__Your instructions__: From the line containing "BREATHWORK FOR SELF-TRANSFORMATION: Harness" through the last line of the entries below, print each line exactly. Pictures stay out.

*** Opening of Supplied records ***

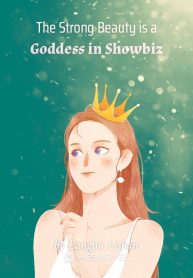 The Strong Beauty is a Goddess in Showbiz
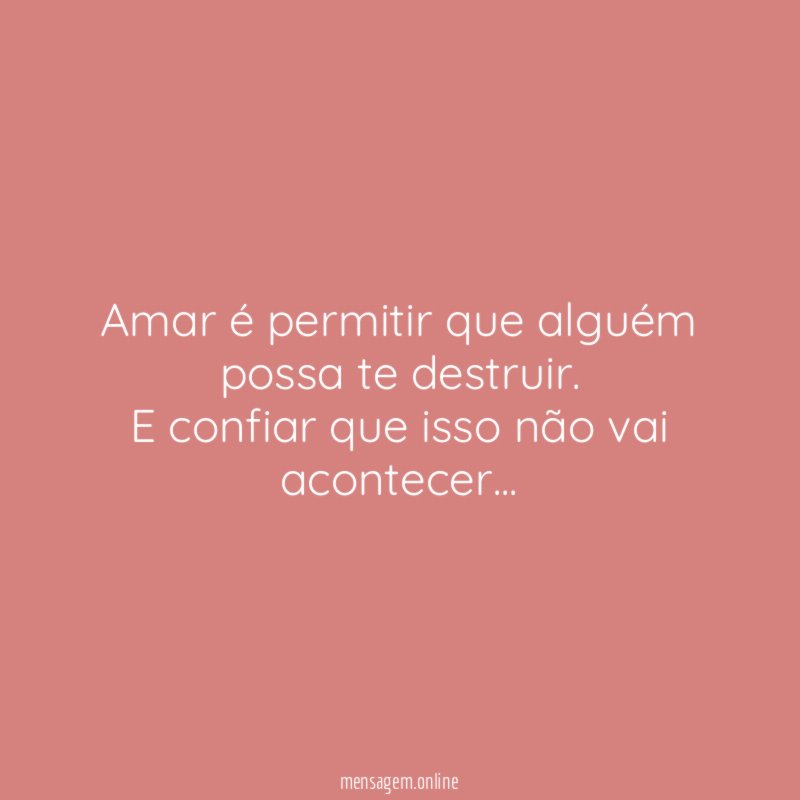 Amar é permitir que alguém possa te destruir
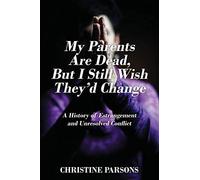 My Parents Are Dead, But I Still Wish They'd Change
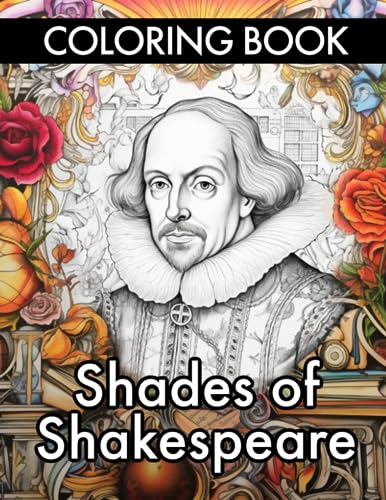 Shades of shakespeare a coloring book of pictures and quotes by jessica richardson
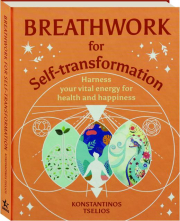 BREATHWORK FOR SELF-TRANSFORMATION: Harness Your Vital Energy for Health and Happiness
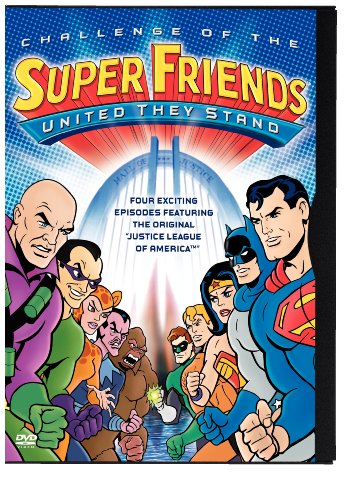 CHALLENGE OF THE SUPERFRIENDS: UNITED THEY STAND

*** Close of Supplied records ***

__Expected answer__:
 BREATHWORK FOR SELF-TRANSFORMATION: Harness Your Vital Energy for Health and Happiness
 CHALLENGE OF THE SUPERFRIENDS: UNITED THEY STAND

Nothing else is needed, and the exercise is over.